(Short text fragments from websites)
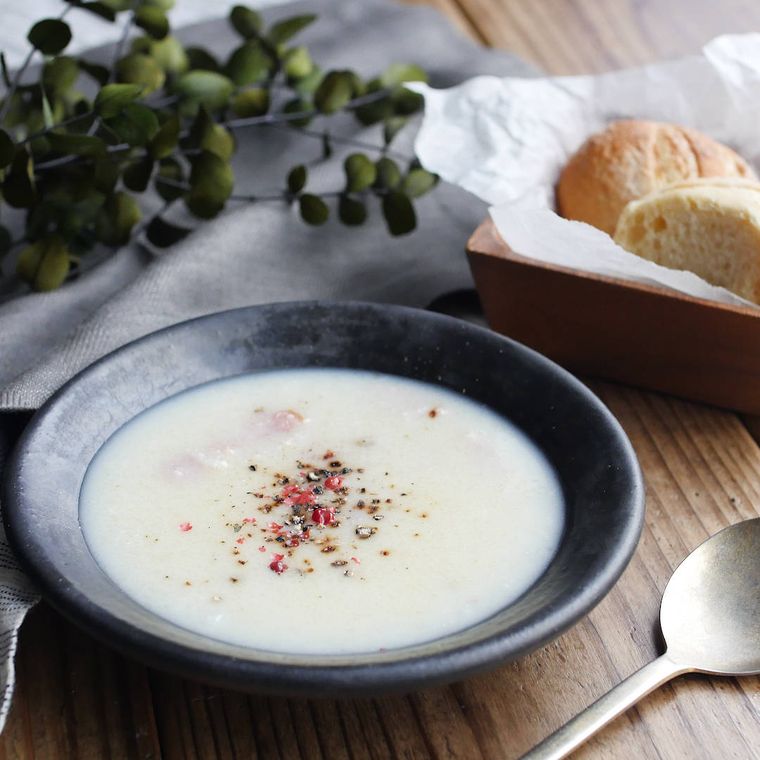 365日のパンとスープ長芋のポタージュ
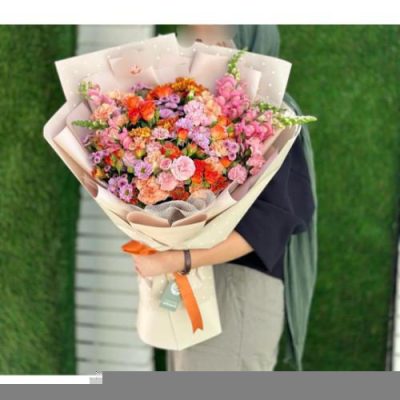 تحویل فوری دسته گل در شهرک بهاران 2768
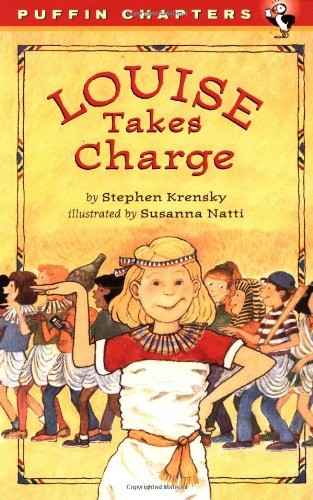 Louise takes charge - takes,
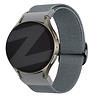 Bandz Bandz Samsung Galaxy Watch 4 Classic 46mm elastische band 'Easy fit' (grijsblauw) Bandz Bandz Samsung Galaxy Watch 4 Classic 46mm elastische band 'Easy fit' (grijsblauw)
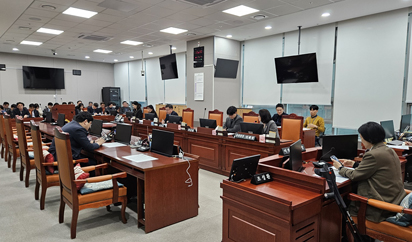 경기도의회 기획재정위원회, 도내 공공기관과 출연금 등 정산 관련 정담회 실시
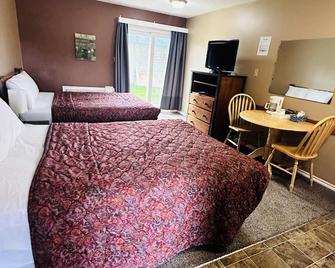 Voyageur Motel - Rocky Mountain House - Спальня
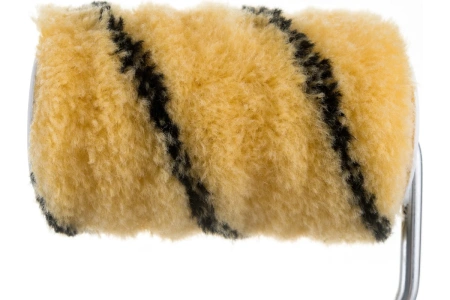 Валик полиакрил тигр 100 мм, d 42 мм, бюгель 6 мм, ворс 11 мм 383-1100 DECOR Black Edition; 11606326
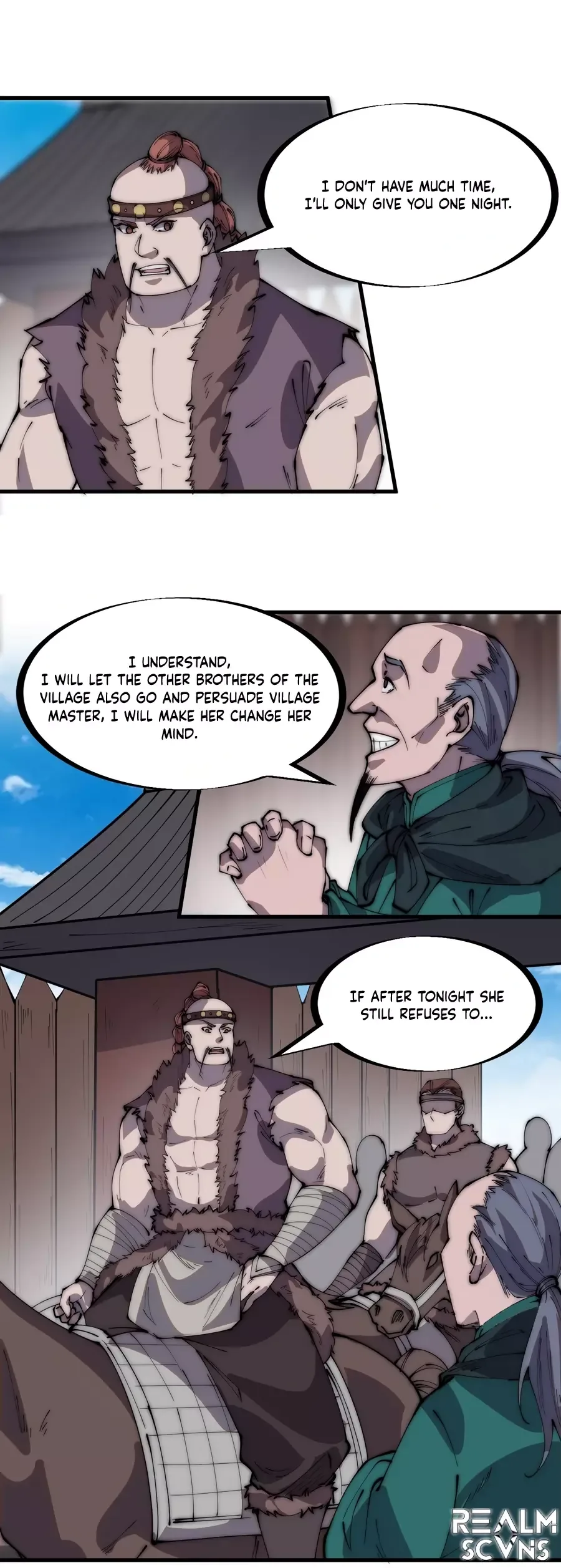 Start a mountain Chapter 306 page 3
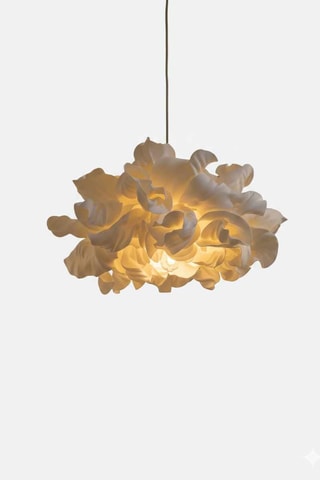 Lampadario - Beige - 40 W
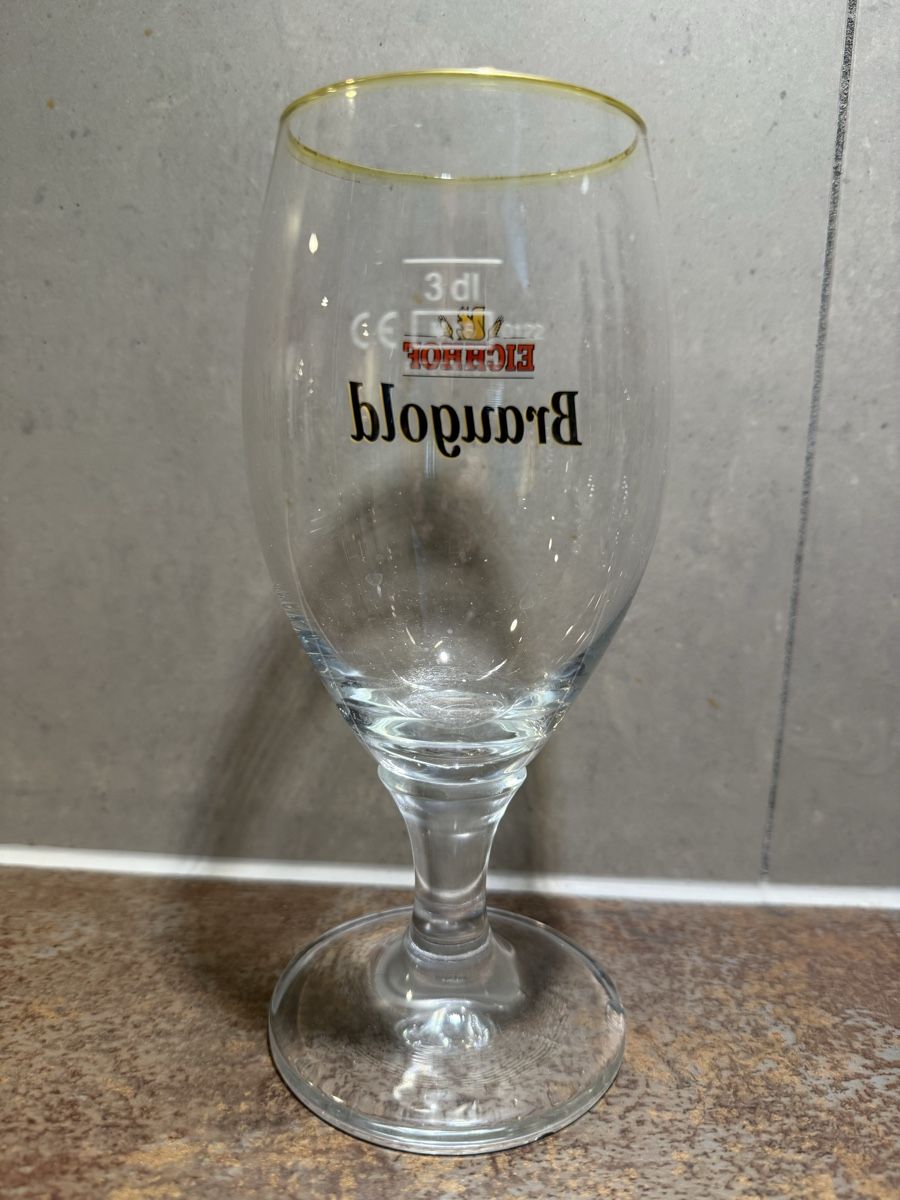 Eichhof Bicchieri: Verre à bière Eichhof Braugold – Difettoso da Morrens VD venduto da YannD02 1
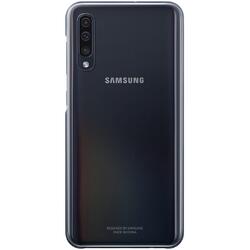 Capac protectie spate Gradation Negru pentru Galaxy A50 2019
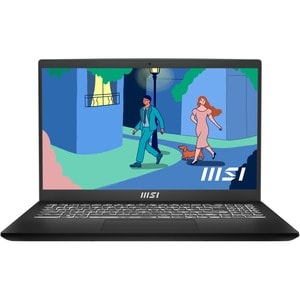 MSI Modern 15 B13M Modern 15 B13M-406AU 15.6" Notebook - Full HD - Intel Core i7 13th Gen i7-1355U - 16 GB - 1 TB SSD - In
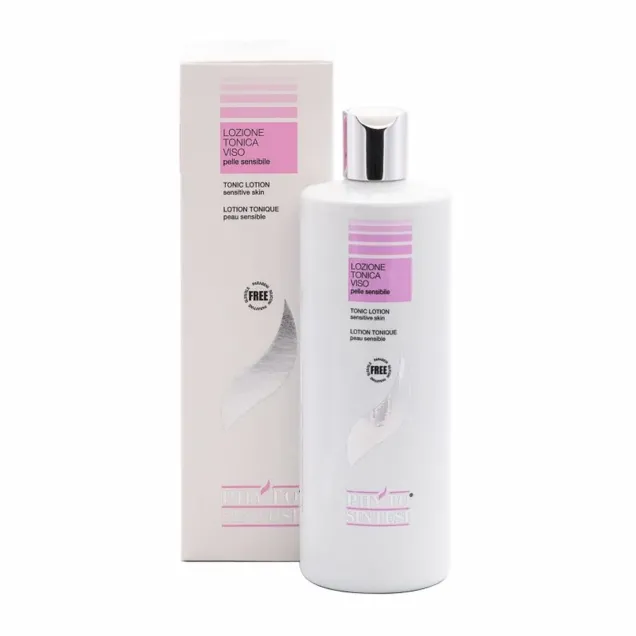 Tonico Viso per Pelli Sensibili Professionale Phyto Sintesi 500 ml
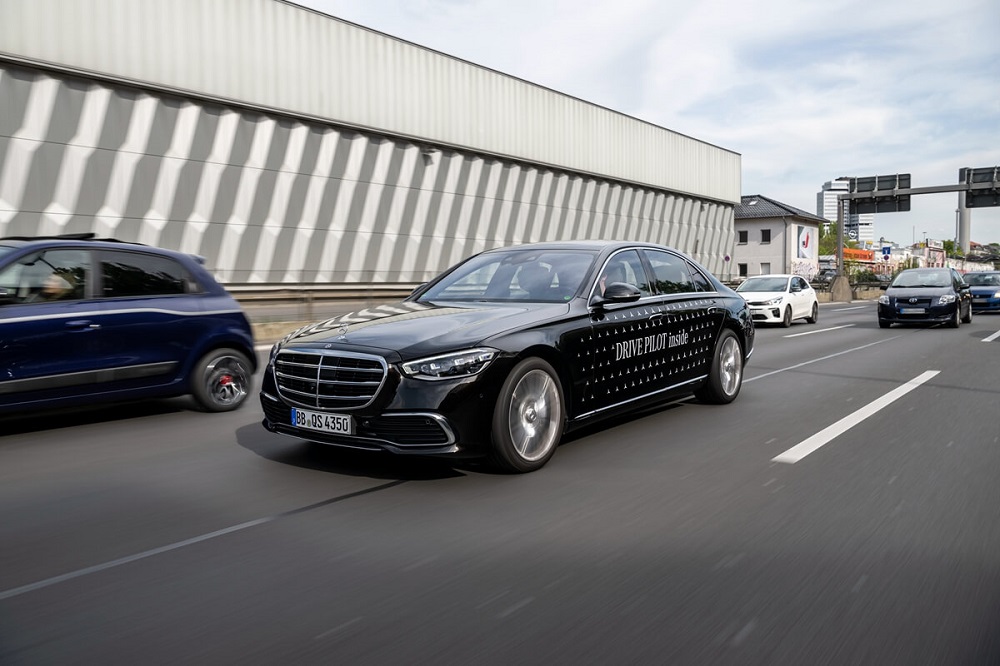 Mercedes Benz自行研發的Drive Pilot系統,開放S-Class及EQS車系選配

* [What to produce] The answer must be an exact copy of the records, with no pictures in it.

* [Solution for this exercise]
 365日のパンとスープ長芋のポタージュ
 تحویل فوری دسته گل در شهرک بهاران 2768
 Louise takes charge - takes,
 Bandz Bandz Samsung Galaxy Watch 4 Classic 46mm elastische band 'Easy fit' (grijsblauw) Bandz Bandz Samsung Galaxy Watch 4 Classic 46mm elastische band 'Easy fit' (grijsblauw)
 경기도의회 기획재정위원회, 도내 공공기관과 출연금 등 정산 관련 정담회 실시
 Voyageur Motel - Rocky Mountain House - Спальня
 Валик полиакрил тигр 100 мм, d 42 мм, бюгель 6 мм, ворс 11 мм 383-1100 DECOR Black Edition; 11606326
 Start a mountain Chapter 306 page 3
 Lampadario - Beige - 40 W
 Eichhof Bicchieri: Verre à bière Eichhof Braugold – Difettoso da Morrens VD venduto da YannD02 1
 Capac protectie spate Gradation Negru pentru Galaxy A50 2019
 MSI Modern 15 B13M Modern 15 B13M-406AU 15.6" Notebook - Full HD - Intel Core i7 13th Gen i7-1355U - 16 GB - 1 TB SSD - In
 Tonico Viso per Pelli Sensibili Professionale Phyto Sintesi 500 ml
 Mercedes Benz自行研發的Drive Pilot系統,開放S-Class及EQS車系選配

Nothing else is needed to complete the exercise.